Friday the 13th is written in a language we don’t like to speak anymore. It comes from a time when the world was lit only by fire, and just beyond the reach of the flames, the darkness was real. A vast living black, it sent its shadows to the edge of our light to watch us and whisper and wait. It was a time when evil didn’t sleep, and if we were careless. it would creep closer and we could feel its bone-cold chill touching at our clothes. Friday the 13th was born when luck was a marvel and a mischief, and we still believed there were things that we couldn’t see. Because that’s what all superstitions are: the unseen faith that we are not helpless in the face of overwhelming darkness.

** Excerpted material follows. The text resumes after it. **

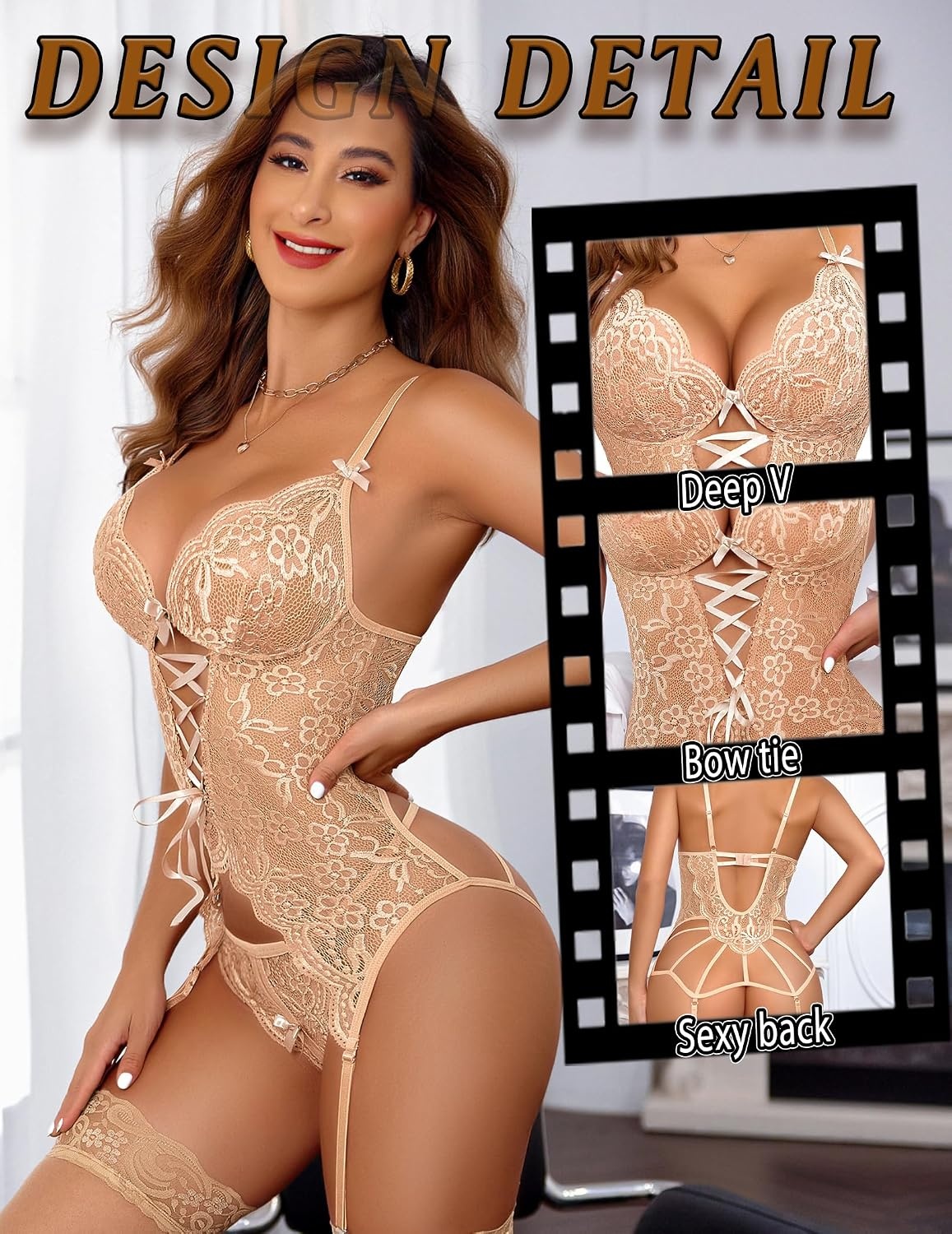 image:imageAvidlove Women Lingerie Lace Lingerie Sets with Garter Belts One Piece Bodysuit Teddy with Panty No StockingsKhaki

These days, we are bloated with science, blinded with light and deafened by our own noise. We live by the reflected glow of our technology and think our vast machines will keep the darkness at bay indefinitely. But the truth is we have a cultural memory of the old gods. In the cold, dark soul of 4 o’clock in the morning, we still answer to them. We might not like it — or even consciously know it — but we still believe that they offer us luck, but they can also take it away. Superstitions, like Friday the 13th, remind us that the old gods are still there and that:
“There are more things in heaven and earth, Horatio,
Than are dreamt of in your philosophy.” (Hamlet.I.5)
None of our contemporary arrogance can change that because even though we might not be afraid of the dark anymore, we’re still afraid of what’s in it.